A recent Domain Incite article quotes an ICANN Registrar Stakeholder Group (RrSG) claim that over “800,000 domain names have been suspended since the beginning of the year as a result of Whois email verification rules in the new ICANN Registrar Accreditation Agreement (RAA 2013)”. The cause for these suspensions is that registrants did not respond to a validation request sent to the email addresses that they submitted in their domain registration and thus failed to satisfy the validation criteria in the new agreement.
According to DI, the RrSG claim that the suspension figure represents suspension data collected by registrars representing approximately 75% of registered gTLD domains (com, net, org, biz, …). To put that 800,000 figure into context - and assuming a ballpark estimate of the total count of registered domains in the gTLDs is north of 150 million – that’s less than 1 per cent.
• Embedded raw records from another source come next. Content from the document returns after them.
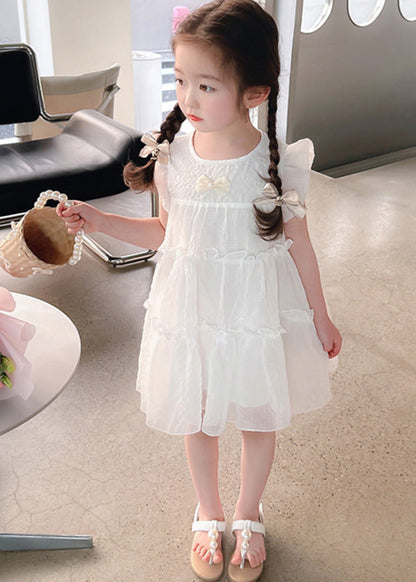 Robe mi-longue élégante en tulle blanc avec nœud pour enfants, coupe trapèze, été GF006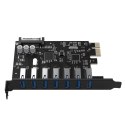 Karta rozszerzeń PCI-E - 7x USB 3.0 do komputera stacjonarnego - czarna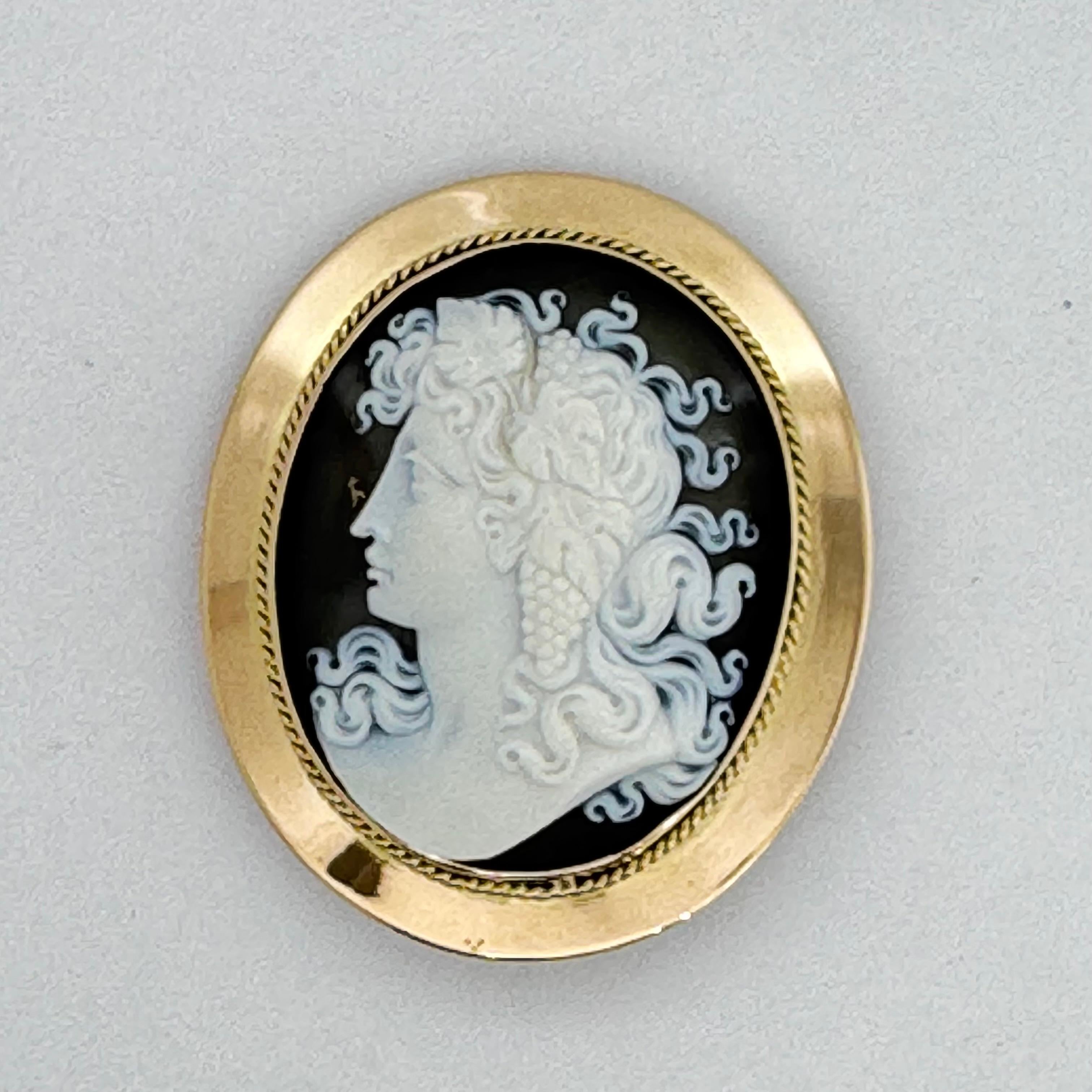 Exquisite antique Victorian agate cameo brooch in an elegant gold frame For Sale 2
Given the numerous reported and alleged estimates of Whois inaccuracy over the years 1, 2, 3, I find it hard to understand why anyone would be surprised or alarmed over this figure. However, this figure represents new registrations over a measured period, and thus the percentage would seem more disturbing if not for arguments by experts like Paul Vixie, whose analyses of the DNS cause him to say most new domains are malicious.
Let me temper this seeming insensitivity to possible registrant or Internet user harm or inconvenience by suggesting that, rather than looking at this single data point as alarming or indicative of any pattern or unintended consequence, consider the unprecedented opportunity the data set that corroborates this claim offers.
I applaud the registrars who took the time to collect these data.
I encourage the registrars to share the data.
With ICANN’s SSAC.
With respected members of the security, operations, research and public safety communities.
With ICANN’s Identifier Systems SSR team.
These data – the domain names and the associated registration records (Whois) – can be studied to answer important questions related to registrations (legitimate and malicious) and registrant Whois submission practices; for example:
- Are the registrant data other than email addresses evidently inaccurate?
- When did registrants first apply for the domain name?
- Have the registration data – in particular, email address or point of contact information – been modified by the registrant at any time since the original registration?
- Are the domain names on domain or URL block lists?
- Are the email addresses evidently inaccurate, one-time use (throwaway) email addresses, or validly composed email addresses that bounced?
- Are the email addresses associated with other domains outside the data set?
- Who operates the name servers of these domains?
- Do the name servers of these domains have a positive or negative reputation (e.g., are the name servers known to host malicious domains)?
- What services do these domains offer publicly (and uniquely identify in their zone data using A, CNAME, MX, or SRV resource records)?
- What can be deduced from passive DNS data associated with this domain?
- Where are these services hosted?
- Do the hosting providers of these domains have a positive or negative reputation?
- Where do the prevalence of these domains reside on SEO or site popularity rankings?
- Do hosted services or content (e.g., web site) provide evidence that the domain is active, dormant or malicious?
- What is the characteristic use of the domain name (e.g., online presence, merchant, social medium, pay per click, mail exchange, streaming content…)?
This list is not exhaustive but it does illustrate how valuable such data could be if shared with researchers. Such data could continue to be valuable if registrars are willing to repeat periodic collection and provide additional data points of this kind.
Single data points, especially when presented as an unqualified statistic, rarely provide sufficient insight to characterize the entire set of affected registrants. Concluding such without sharing or subjecting the data to deeper analysis is premature. Rather than invite others to produce similar data without commensurate access to registration data, I encourage the RrSG to work in cooperation with security, operations and public safety communities to better understand the data already collected.
As always... the opinions I express here are my own.